Hong Kong’s property market is still in danger of overheating and a rise in interest rates would “indisputably” affect the city, Norman Chan, chief executive of the Hong Kong Monetary Authority said today.
The outlook for Hong Kong’s property market was uncertain and it wasn’t clear whether it had entered a downward cycle, Chan said at a legislative briefing. Emerging markets would face the risk of capital outflow, currency depreciation and a decline of asset prices once the U.S. Federal Reserve starts tapering stimulus, he said.
“If interest rates rise because of the exit of the U.S. Fed, Hong Kong will indisputably be impacted, particularly because the Hong Kong property market still shows sign of overheating,” Chan said. “I’ve mentioned that household debt is still at a high level, accounting for about 61 percent of GDP.”
An influx of wealthy buyers from mainland China, mortgage rates close to record lows and a financial-services sector that has thrived thanks to fundraising by Chinese companies helped Hong Kong home prices more than double since the beginning of 2009. The government in February brought in its strictest measures yet, including doubling stamp-duty taxes for all properties over HK$2 million.
The Hang Seng Property Index, which tracks nine developers in Hong Kong, rose 1.5 percent, the most in two weeks, as of 11:33 a.m.
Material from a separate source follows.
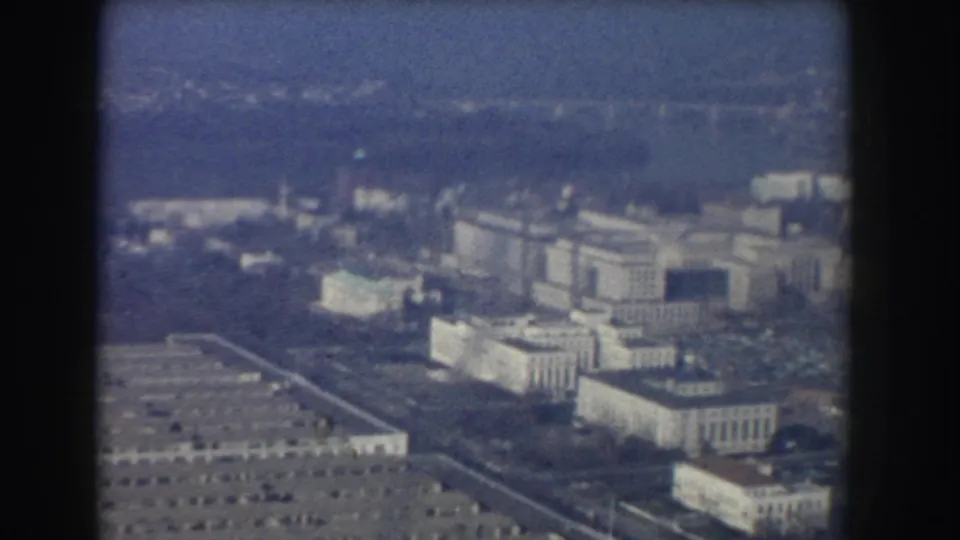 Soft 1960 Washington, DC aerial view showing large public buildings, roads, trees, and open grounds.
Cheung Kong (Holdings) Ltd., the biggest developer in Hong Kong by market value, gained 1.3 percent.
An overheated property market is the biggest concern to the city’s economy, Chan said. A “basket of factors,” including property supply, real estate prices and borrowers’ purchasing power, are needed to decide if the property market has entered a downward cycle, he said.
“If a downward cycle is formed, we will consider to gradually relax the tightening measures,” he said.
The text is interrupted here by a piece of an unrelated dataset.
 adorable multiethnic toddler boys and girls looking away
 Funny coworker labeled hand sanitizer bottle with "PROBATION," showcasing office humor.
The HKMA, the city’s de-facto central bank, has introduced six rounds of measures since 2009 to stem home-price gains. They have included raising the minimum down payment required for home purchases over HK$10 million for owner occupiers to as much as 60 percent from 30 percent, and to 50 percent for those from HK$7 million to HK$10 million.
Prices for large-size apartments fell 2.2 percent from February, while small-to-medium size homes rose 2.4 percent in the same period, Chan said.
Hong Kong’s government won’t cut back property curbs until there’s a “steady supply” of new housing, Chief Executive Leung Chun-ying said in June.